One could argue that “autism” as a category shouldn’t encompass such a wide range of impairment. I don’t necessarily agree with that, but fine. Even if we didn’t use the label “autism” for the mildly and moderately impaired, we’d still need some other clinical diagnosis to capture those people who come to clinical attention; otherwise, we’d have a diagnostic classification with holes in it.
A troubling symptom of modern times is that, if you mention anything about your kids, somebody will chime in to diagnosis. “Oh, they’re stubborn about putting rain boots on? That sounds like autism.” No wonder we have an over-diagnosis problem.
I guess this is a good illustration of the kind of experience that leads many in the public to complain about overdiagnosis as a phenomenon. As would be apparent, this has nothing to do with DSM criteria, nor with the medicalization of suffering, nor with clinical help-seeking; this represents a cultural eagerness to over-apply and over-extend clinical labels in a casual manner to situations where they are not warranted. It renders those who do have genuine difficulties invisible and trivializes their impairment. This societal trend deserves to be criticized and discouraged. At the same time, we should not assume that our contemporary cavalier social attitude towards diagnostic labels provides evidence on its own that we have an epidemic of clinicians giving diagnoses to unimpaired individuals or that our official diagnostic criteria are unduly lax, even if diagnostic chaos in practice is a “painfully obvious truth.”

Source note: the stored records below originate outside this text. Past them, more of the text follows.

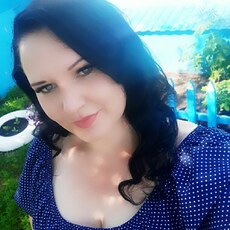 Фотография девушки Ольга, 45 лет из г. Пушкино (Московская Обл)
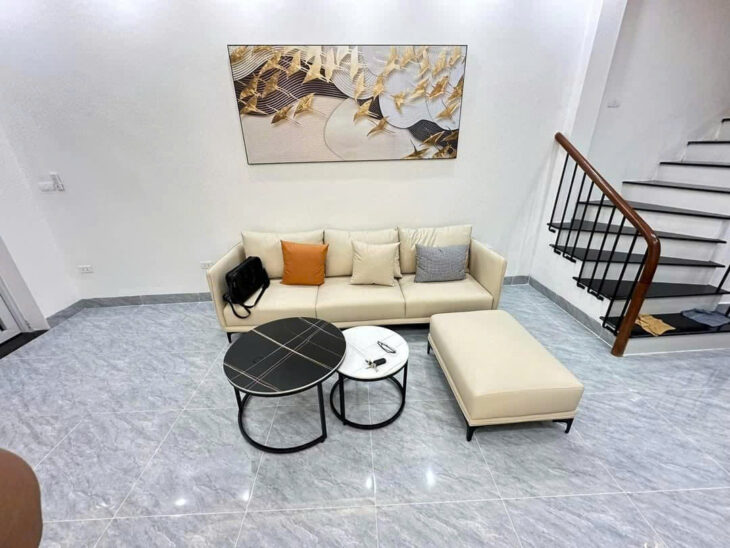 Bán Nhà Thanh Xuân Phan đình Giót Ngõ rộng oto tránh Vừa ở vừa kinh doanh DT68m giá 22,5tỷ
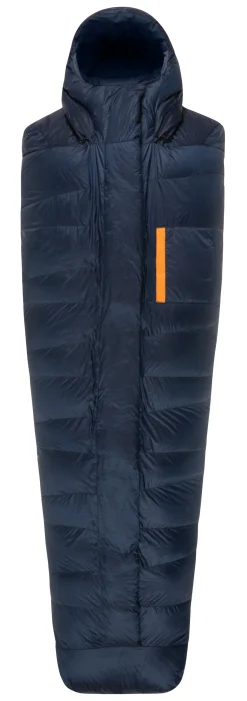 Falketind Down800 0C Sleeping Bag 170 W's><noscript><img width=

I find all these comments valuable, thank you for posting them. Putting aside the fact that may people don't have access to needed diagnosis and treatment, for my purposes, in my practice, I feel like the power dynamic in the diagnostic process has shifted, for better or worse. In a sort of Promethean way, we have made the diagnostic apparatus available to the public, and people now "present" with diagnoses they feel fit them. Not everyone, of course, but diagnosis is more co-created than it used to be. And like fire, diagnosis can serve people or endanger them, at least in spiritual or developmental terms. But this is on us; we invented the system.